L’Algérie a vécu une nuit de samedi à dimanche agitée. Ce n’est pas la nuit des longs couteaux, mais beaucoup de lignes ont bougé. Du moins, les événements se sont accélérés d’une manière brusque et inattendue avec le ton ferme adopté par l’état-major de l’ANP vis-à-vis, disons-le clairement, du cercle présidentiel et de ses derniers soutiens.
La matinée de ce dimanche devait être celle de toutes les décantations. Comme par exemple une auto-saisine du Conseil constitutionnel, qui détient la clé d’une issue légale à la crise, pour signifier à Bouteflika qu’il a perdu la partie.
Mais tout le problème semble résider précisément là. Le cercle présidentiel fait de la résistance et le président du Conseil constitutionnel est un de ses membres les plus fidèles. C’est dans la prévision d’une telle situation que Bouteflika a fait fi des dispositions de la constitution le 10 février dernier en portant son choix sur Tayeb Belaïz, pourtant inéligible au poste pour y avoir déjà fait un passage.
L’essentiel à retenir après la sortie « musclée » du chef de l’armée, c’est que Bouteflika et ses proches ne sont pas près de partir. Du moins, ils sont décidés à vendre chèrement leur peau. La divulgation d’une réunion secrète entre des « individus connus » pour concocter d’autres plans autres que ceux proposés par l’armée, pour reprendre la teneur du dernier communiqué du MDN, démontre que « les individus » en question ne sont pas encore réduits à espérer une sortie honorable. Ils comptent encore peser sur le processus de transition à venir. Peut-être même qu’ils nourrissent le rêve insensé de garder le pouvoir. Insensé, car ils n’ont ni le soutien du peuple ni celui de l’armée. Qu’en aurait-il été si cette dernière s’était rangée de leur côté ? Sans doute que le scénario aurait été désastreux.
Reprendre le contrôle de l’armée figurait parmi les points à l’ordre du jour de la réunion d’hier qui a été dénoncée par le MDN. Les présents auraient décidé de faire endosser au président de la République un décret mettant fin aux fonctions de l’actuel chef d’état-major, indiquent à TSA des sources informées.

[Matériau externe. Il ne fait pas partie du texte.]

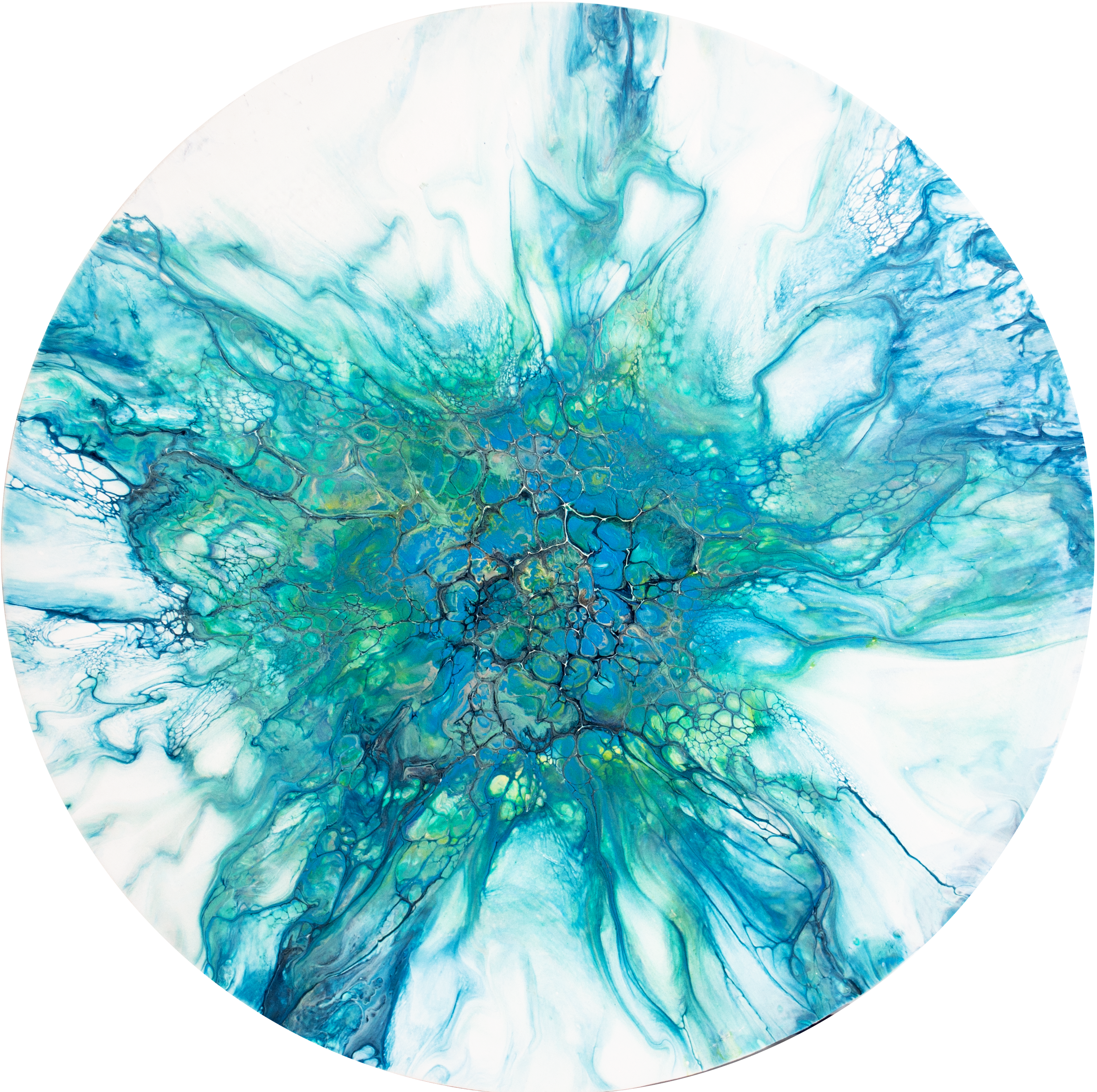 'Blue Hydrangea' Abstract Round Acrylic Art (14.5" round board)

L’armée a immédiatement pris les choses en main, en mettant en avant ses responsabilités constitutionnelle et la volonté du peuple. L’Algérie a-t-elle échappé au pire ? Sans doute. Il est aujourd’hui plus que certain qu’une neutralité de l’armée dans la crise aurait permis aux tenants actuels du pouvoir de le garder pour plusieurs années encore, quitte à propulser le pays dans le chaos.

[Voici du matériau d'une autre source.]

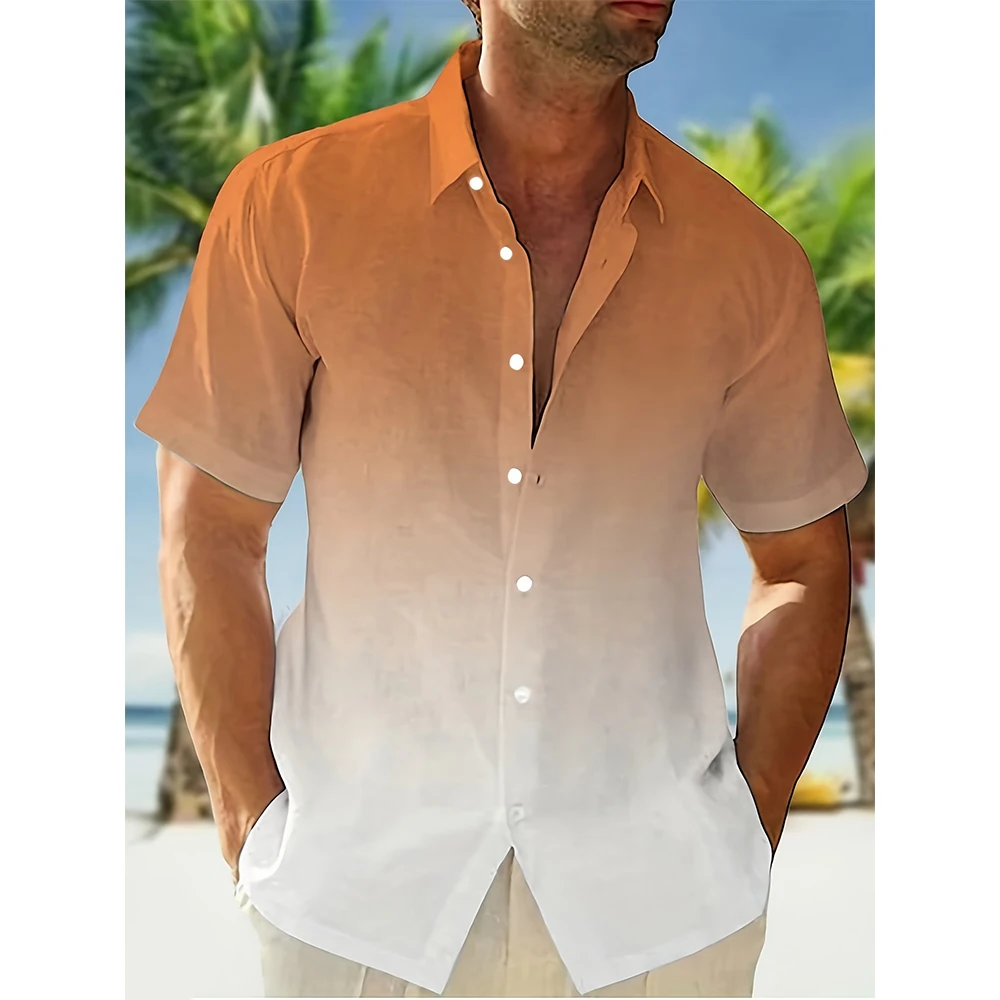 Camisas hawaianas con estampado 3D degradado de verano para hombre y mujer, ropa de calle informal a la moda, camisa de manga corta de gran tamaño, Tops para hombre, blusa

Des mesures concrètes sont d’ores et déjà prises par l’armée, comme l’arrestation d’Ali Haddad et l’interdiction de vol des avions privées, mais les Algériens ne doivent pas crier victoire pour autant.
Le communiqué du MDN a certes situé la solution dans l’application des articles de la Constitution qui disposent que la souveraineté appartient exclusivement au peuple (articles 7 et 8), mais il a réitéré la nécessité de recourir à l’article 102, synonyme de remise de l’intérim, donc de la transition, à l’actuel président du Sénat, un pur produit du système.
Pour l’instant, personne ne sait ce que comptent faire les chefs de l’armée, d’abord pour amener Bouteflika et le Conseil constitutionnel à la raison, ensuite pour contenter la rue qui réclame des garanties pour que la transition débouche sur un véritable changement. L’armée ne peut rien proposer d’autre que ce que prévoient les textes. Sortir du cadre constitutionnel est un pas que ses chefs ne franchiront pas facilement, au risque de tomber dans le piège de ceux qui les poussent à l’erreur. C’est compréhensible, mais la situation ne permet pas les tergiversations.
Le peuple est de plus en plus impatient et intransigeant. Il pourra apporter le soutien nécessaire à toute initiative allant dans le sens d’un déblocage de la situation, pour peu que des garanties lui soient données qu’il ne s’agit pas d’une énième tentative de sauver le système et, surtout, que le positionnement actuel de l’armée nationale ne procède pas d’une guerre des clans. Il est plus qu’important de lever les équivoques.